The United States Federal Reserve has determined that all 23 of the country’s largest banks would be able to survive a severe recession following its “stress tests.”
The report issued on June 28 also showed relative weakness among the midsize and regional banks. However, the stress test only required the 23 banks that are the country’s largest lenders to participate in testing.
In light of the banking crisis earlier this year, Fed policymakers hinted that stress testing could be made harder in the future.
The Fed’s vice chair for supervision, Michael Barr, commented:
“We should remain humble about how risks can arise and continue our work to ensure that banks are resilient to a range of economic scenarios, market shocks, and other stresses.”
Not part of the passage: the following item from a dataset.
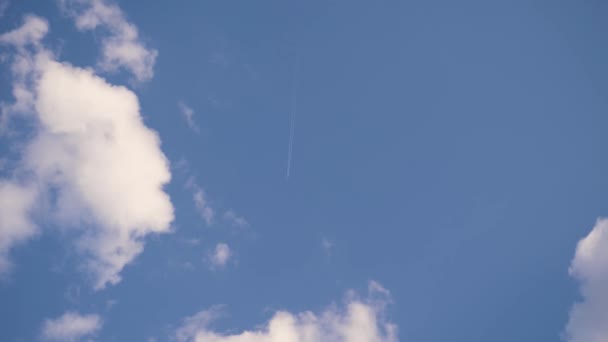 飛行機は遠くに飛び 白い縞模様が2本残されている 美しい青空と雲の背景を背景に 晴れた夏の日 路上で — ストック動画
Bank stress tests have been carried out every year since the 2008 financial crisis, which was caused by U.S. banks. The Fed tests how severe banking industry losses would be if unemployment were to skyrocket and economic activity were to severely contract.
In this year’s stress test, the Fed tested a severe global recession scenario which caused 40% and 38% declines in commercial and home property prices respectively. In the worst-case scenario, unemployment would hit 10% — it is currently 3.7%.
The 23 largest banks would have collective losses of $541 billion in this scenario, according to the tests.
A bank must have a stressed capital ratio of at least 4.5% to be considered for a passing grade, according to the Fed. Capital ratios are a key measure of a bank’s financial strength.
Earlier this year the American banking system was rocked by several high-profile collapses including Silicon Valley Bank, Signature Bank, Silvergate Bank, and First Republic Bank. Others including PacWest and Western Alliance were on shaky ground.
The Fed has been actively bailing out smaller banks this year through its Bank Term Funding Program (BTFP) set up in March.
More than $100 billion has already been spent propping up small and mid-sized banks on the ropes, according to the Federal Reserve data.